We have built a database of olfactory odor responses in Drosophila (http://neuro.uni.kn/door). Far from being complete, this database is growing and needs to be expanded to include odor-concentration information, odor-mixture information, and dynamic information. We will present the underlying complexity and the current state of the project, and discuss exemplary results with respect to their meaning for the insect life.

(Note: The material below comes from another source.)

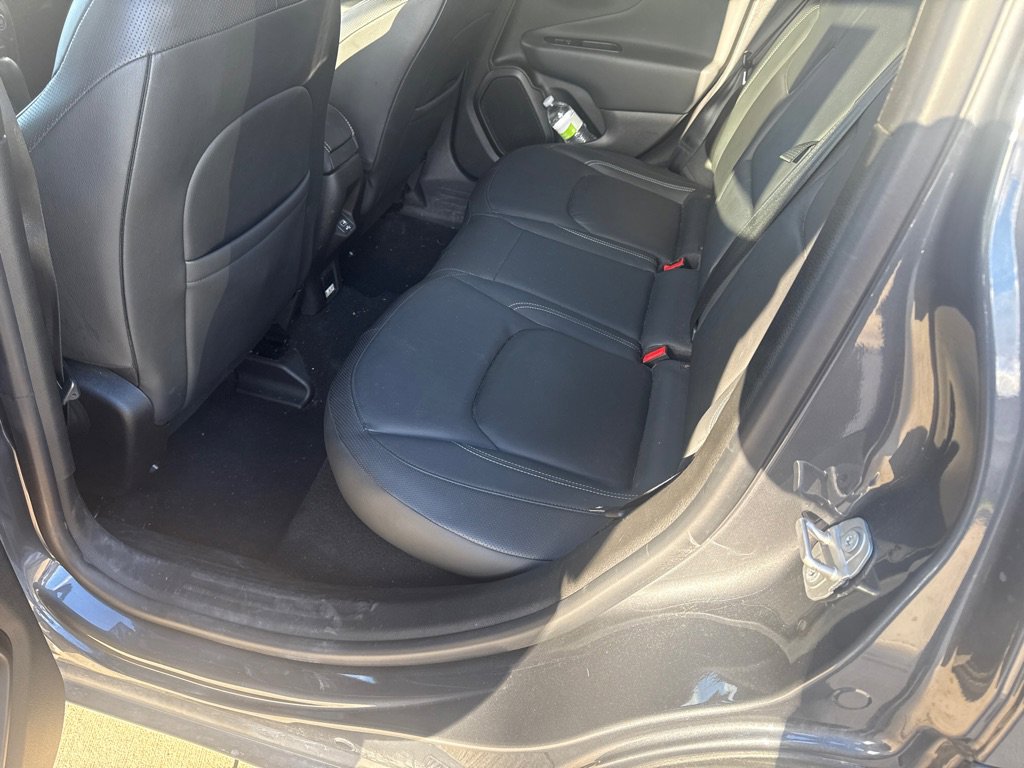 Used 2022 Jeep Renegade Limited w/ Sun, Sound & Wheels Group image 14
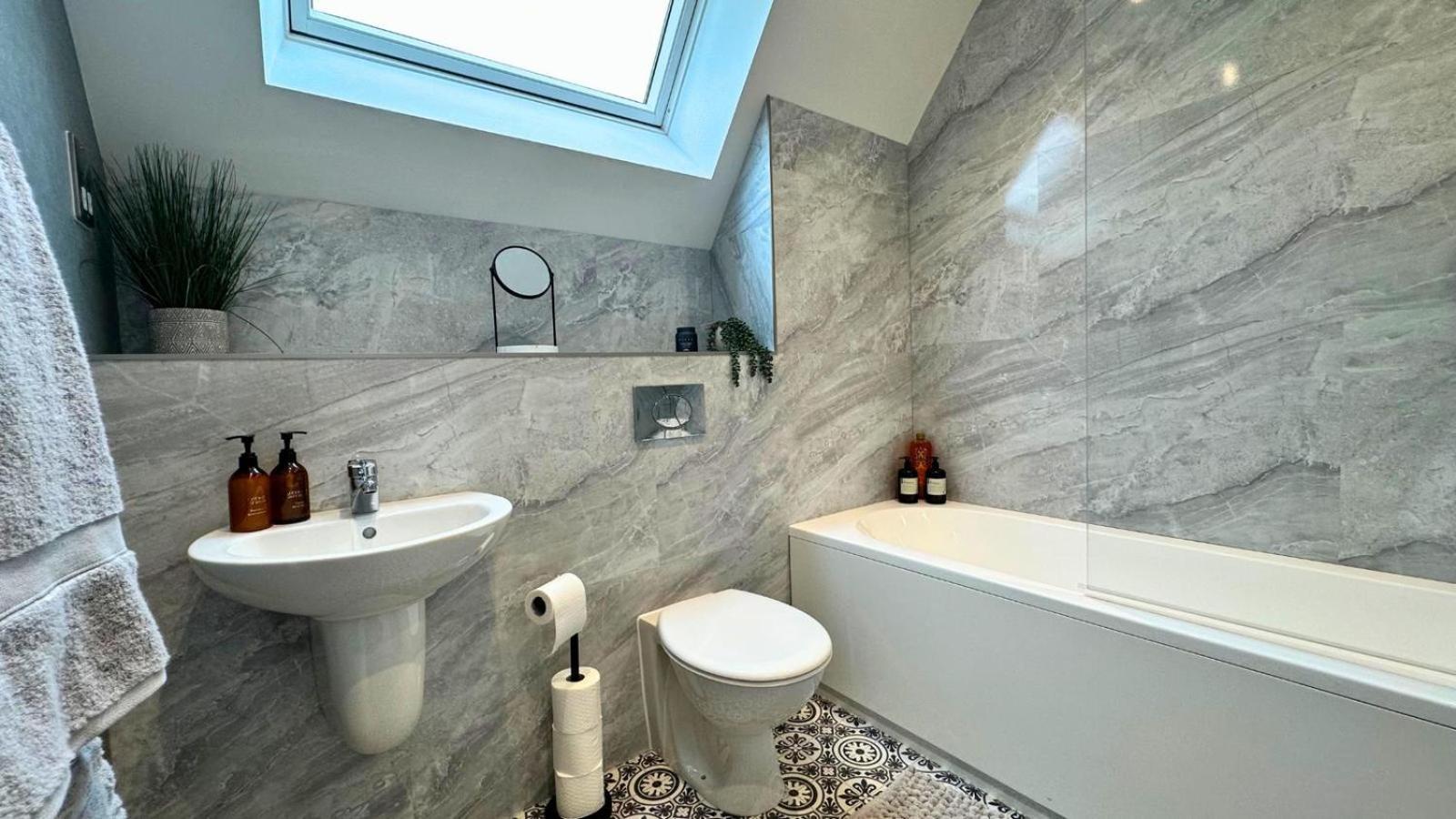 Luxury Apartment In Great Location Coventry Extérieur photo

Consciousness: A Comparative Approach
Speaker: Andrew Barron, Macquarie University
Time: 16:05 – 16:50 Thursday, 23rd July
A long-term goal for modern neuroscience is to establish the contribution of neurobiological systems to conscious experience. Almost all major endeavours of neuroscience have benefited enormously from a comparative approach that synthesises information and perspectives provided by different animal systems within an evolutionary framework. The study of consciousness has been an exception. It remains questionable whether any non-human research has made any significant contribution to determining mechanisms of consciousness. As there remains no consensus understanding of what consciousness is, the field has relied on experimental paradigms that are uncontroversially associated with consciousness in human subjects. This homocentric bias means that most neuroscientists consider animals – especially invertebrates — incapable of conscious experience. Here we propose that progress can be made if rather than attempting to define what consciousness is the focal question becomes a consideration of what is needed for consciousness. This then enables analysis of what neurobiological mechanisms are necessary to support different conscious capacities. Analysis of conscious capacity is more feasible in non-human animals than analysis of conscious experience, and the wide range of nervous systems across animal phyla provide an essential comparative resource with which to test key hypotheses.